Si la cortaba tendría que llegar arrastrándome hasta el castillo, si no la cortaba llegaría con una pierna esquelética, o sea, arrastrándome de todas maneras. Me obligué a pensar en algo, dejando el murmullo ausente y despiadado de Miedo lo más lejos posible de mis ideas. Podía sentir la sangre cayendo entre mis manos, el músculo húmedo y latente entre mis dedos que trataban de retenerlo en su lugar. Abrí los ojos de pronto, soltando mi pierna rápidamente y desgarrando la sucia parte baja de la tela que cubría mi cuerpo. Era lo suficientemente gruesa para mantener las espinas lejos del músculo, aguantaría si lo hacía bien.

-¿No temes que el músculo se te salga? –preguntó Miedo con un escalofrío recorriendo su cuerpo flotante.

La ignoré, dándole vuelta tras vuelta a mi venda improvisada con una confianza que había comenzado a desaparecer apenas la había sentido a ella a mi espalda.

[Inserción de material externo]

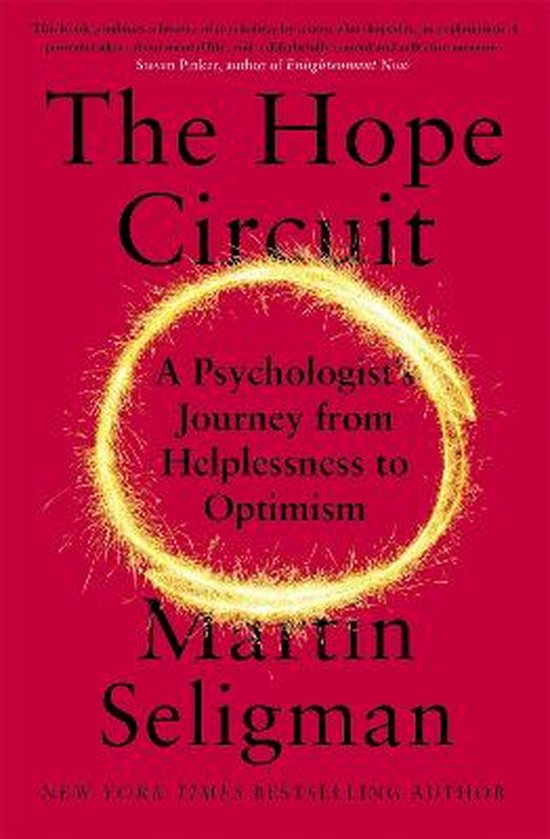 Foto: The hope circuit a psychologist s journey from helplessness to optimism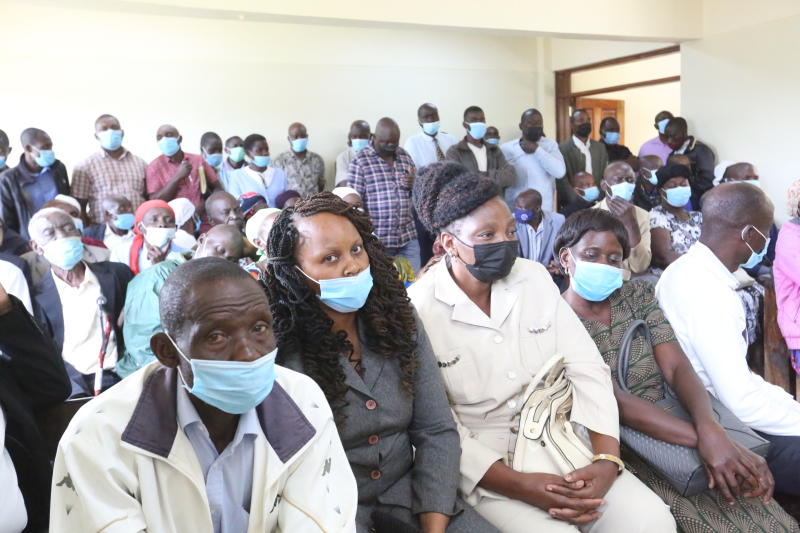 High Court to determine Kakamega High School Sh21 million penalty case on December 10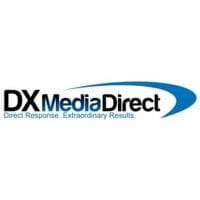 DX Media Direct logo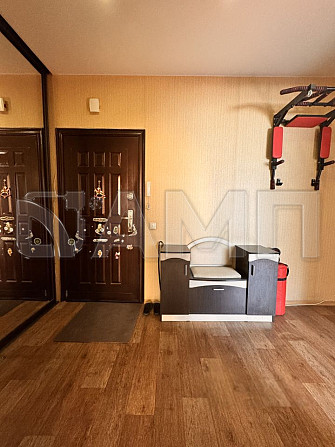Продается 1-комн. квартира, 37 м² в ЖК «Весенний» 8/10 этаж Новосибирск - изображение 5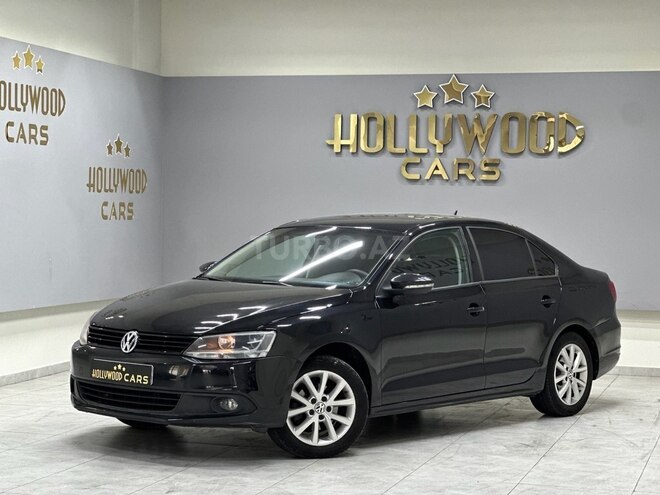 Volkswagen Jetta-4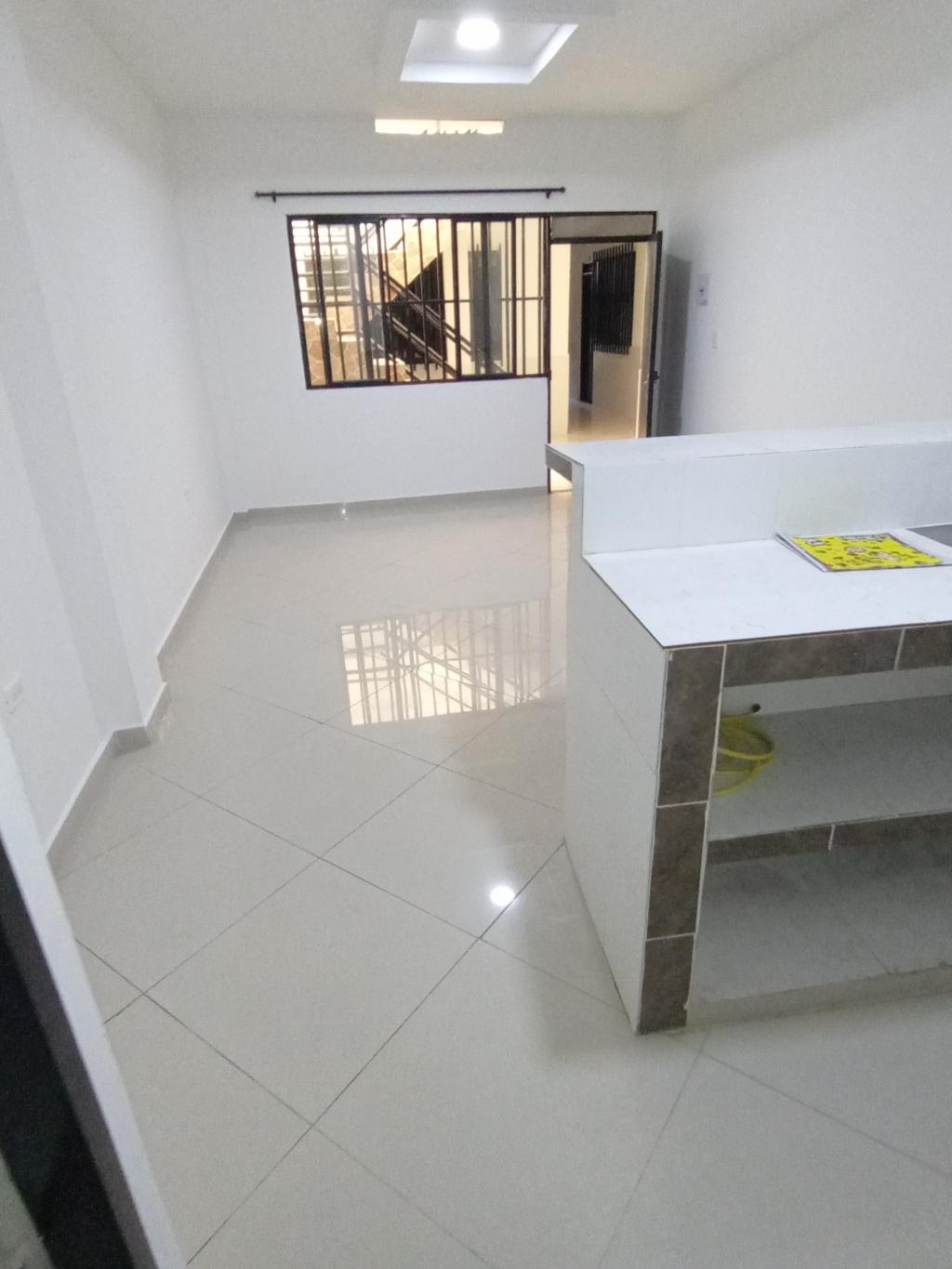 Apartaestudio En Arriendo - La Flora, Cali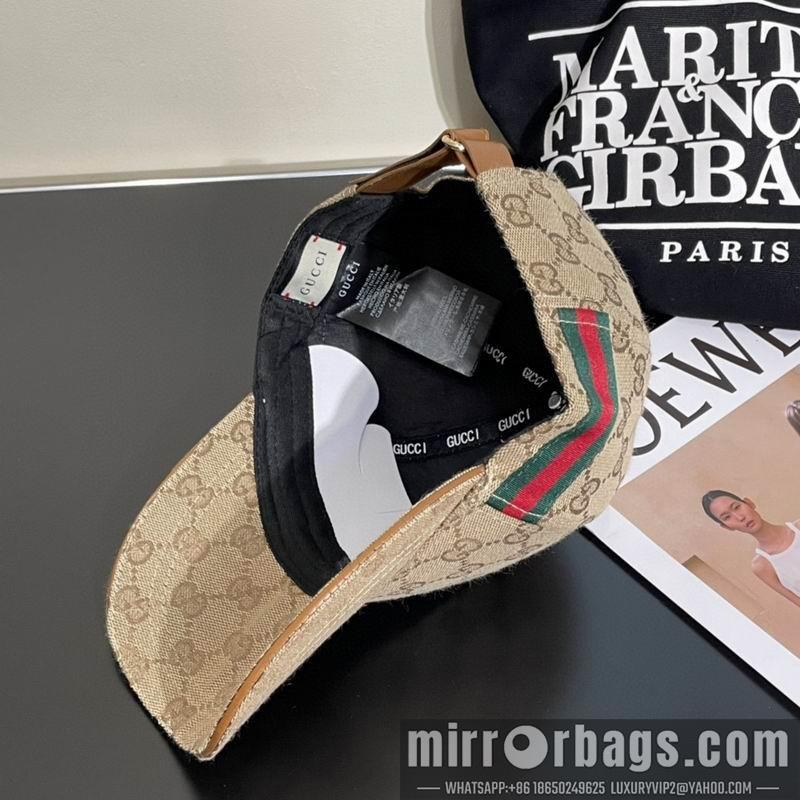 Replica Gucci Hat dx39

Ignoré el sentimiento de vencedora que me embargó. En realidad ignoré cada sentimiento que quisiera tomar posesión de mí, ya que si quería hacer las cosas bien tendría que estar centrada, paciente y relajada, nada más que eso. Me levanté y di un paso cuidadoso con mi pierna izquierda, la vendada. No dolió tanto como pensé que dolería, por lo que retomé el paso como si nada hubiese pasado. Miedo no me seguía, lo supe pues no sentía el típico frio de su proximidad, por lo que voltee a mirarla. Lloraba, sin despegar sus grisáceos orbes de mi pierna herida.

-¿Vienes? –inquirí alzando mi mano en su dirección.

Ella dudó, flotando lentamente hacia mí, pero la tomó. Su piel era fría como hielo, pero suave como la seda. Entrelacé mis dedos con los suyos y volví a caminar con paso seguro, ahora viendo a mis pies como las ramas se retorcían por alguna extraña razón.